> Exercise instructions:
In the listing below, locate the line with "Купить Картридж Smoant" and the line with "[11/25~ 10% off", then output both and everything between them exactly, minus any pictures.

> Working data:
----

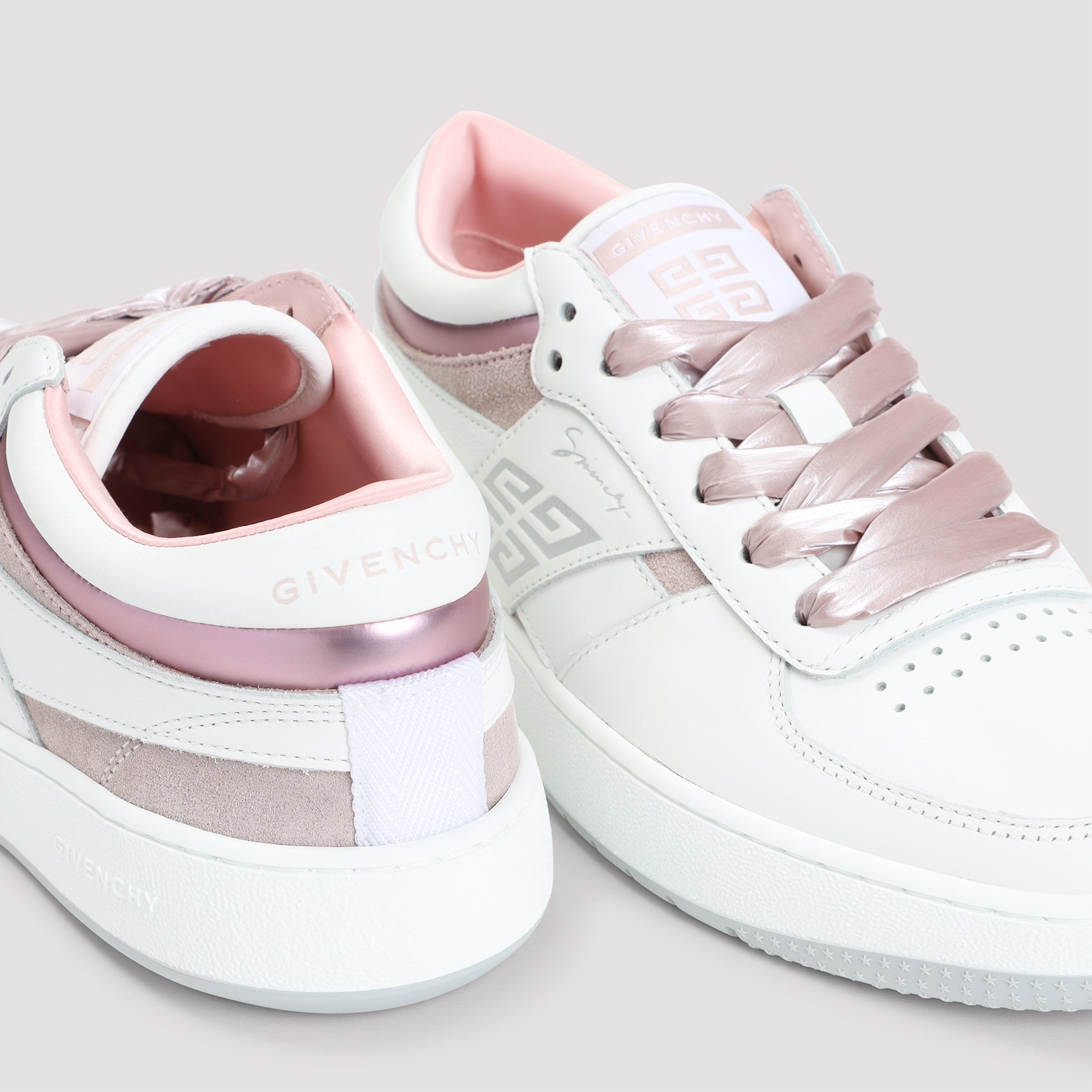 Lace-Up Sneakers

----

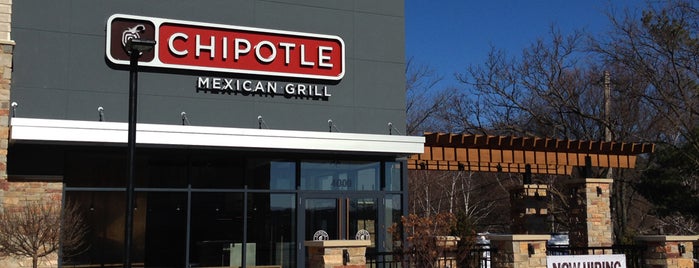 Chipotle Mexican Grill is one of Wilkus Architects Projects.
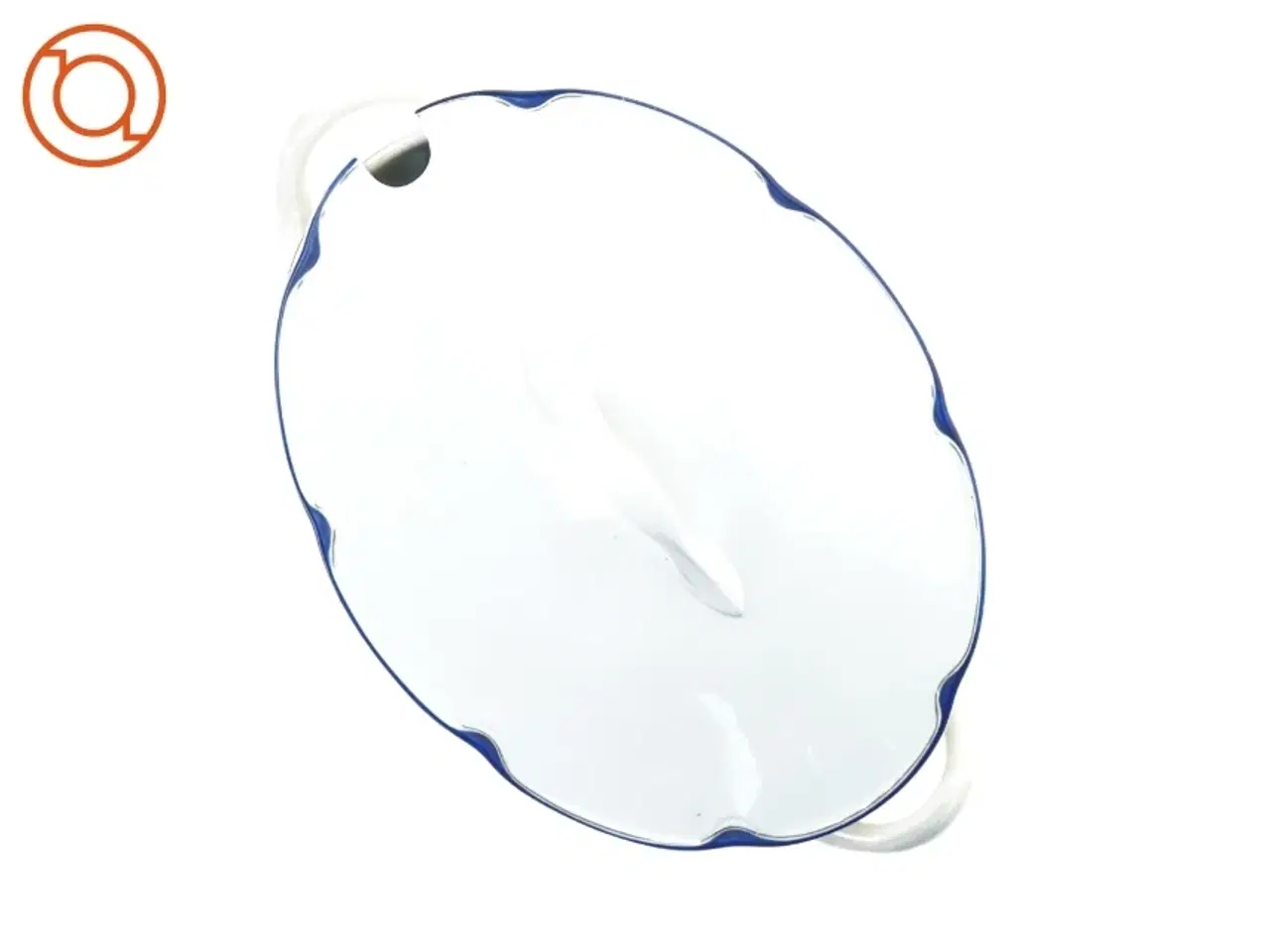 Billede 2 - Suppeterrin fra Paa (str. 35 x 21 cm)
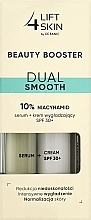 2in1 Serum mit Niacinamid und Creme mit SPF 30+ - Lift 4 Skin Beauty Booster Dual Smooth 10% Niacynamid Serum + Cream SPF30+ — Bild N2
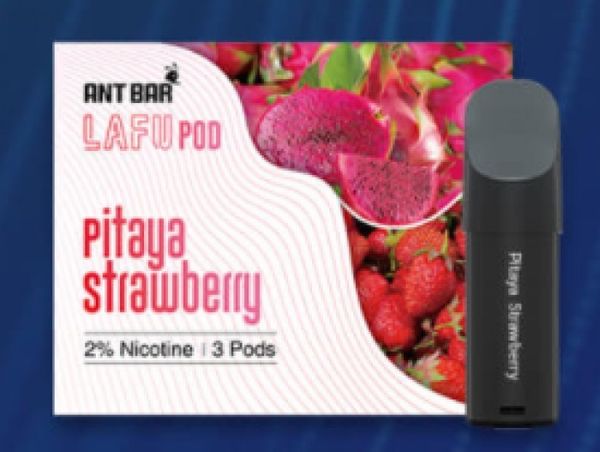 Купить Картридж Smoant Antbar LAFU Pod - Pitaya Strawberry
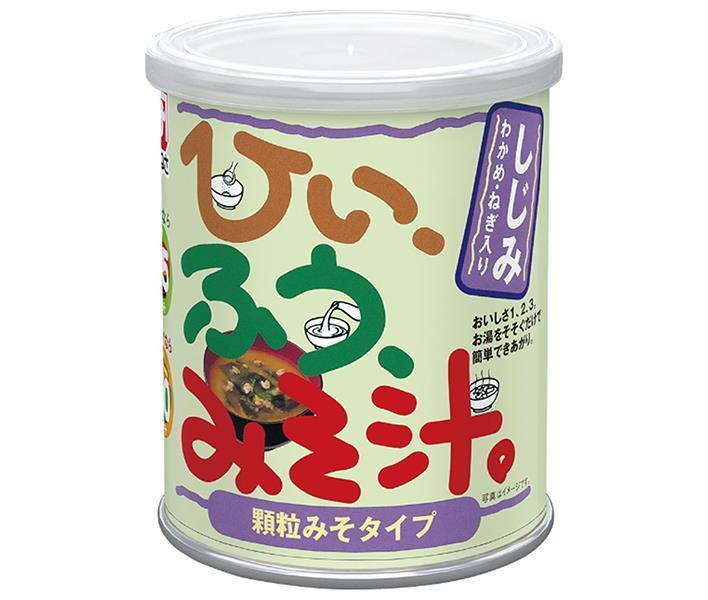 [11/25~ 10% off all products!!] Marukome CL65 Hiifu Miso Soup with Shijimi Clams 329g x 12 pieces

----

> Task result:
 Купить Картридж Smoant Antbar LAFU Pod - Pitaya Strawberry
 [11/25~ 10% off all products!!] Marukome CL65 Hiifu Miso Soup with Shijimi Clams 329g x 12 pieces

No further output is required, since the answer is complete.